The range runs from the line containing "view from Hurtigruten" to the last line of the entries. Restate those lines word for word, without the pictures.

----------

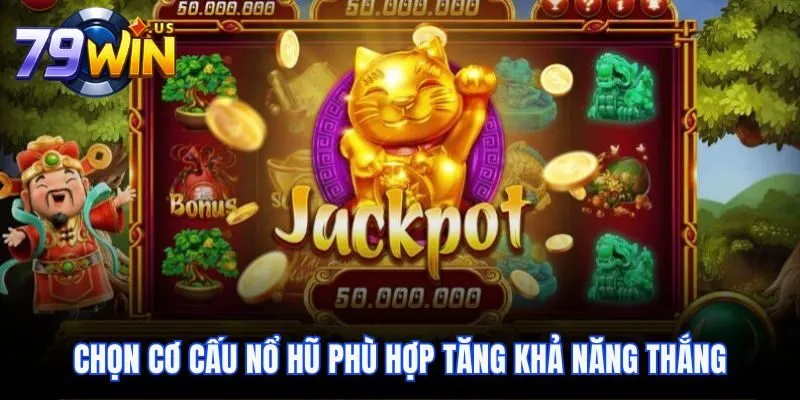 Cơ Chế Nổ Hũ - Nắm Bắt Chi Tiết Để Làm Chủ Cuộc Chơi 4 Chọn cơ cấu nổ hũ phù hợp tăng khả năng thắng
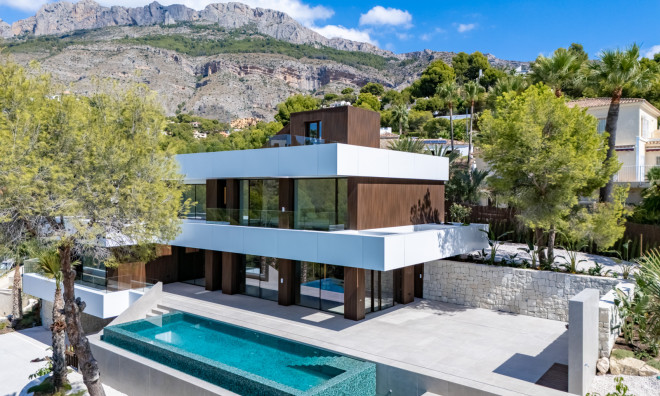 Villa - Nybyggnation - Altea - Altea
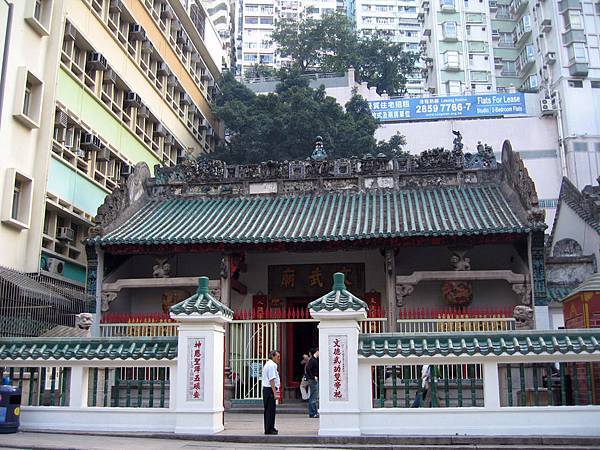 2~4香港上環文武廟內也供奉包公.jpg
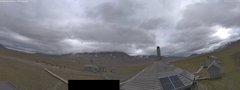 view from Hurtigruten Svalbard - Camp Barentz on 2025-08-02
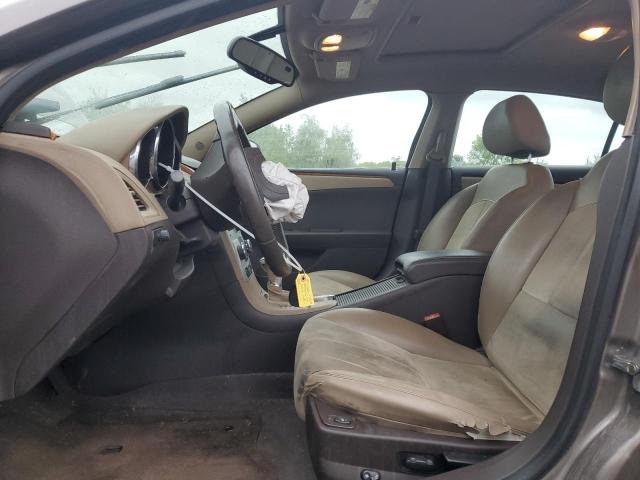 1G1ZD5E17BF353824 - 2011 CHEVROLET MALIBU 2LT ყავისფერი ფოტო 7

----------

FINISHED TASK:
 view from Hurtigruten Svalbard - Camp Barentz on 2025-08-02
 1G1ZD5E17BF353824 - 2011 CHEVROLET MALIBU 2LT ყავისფერი ფოტო 7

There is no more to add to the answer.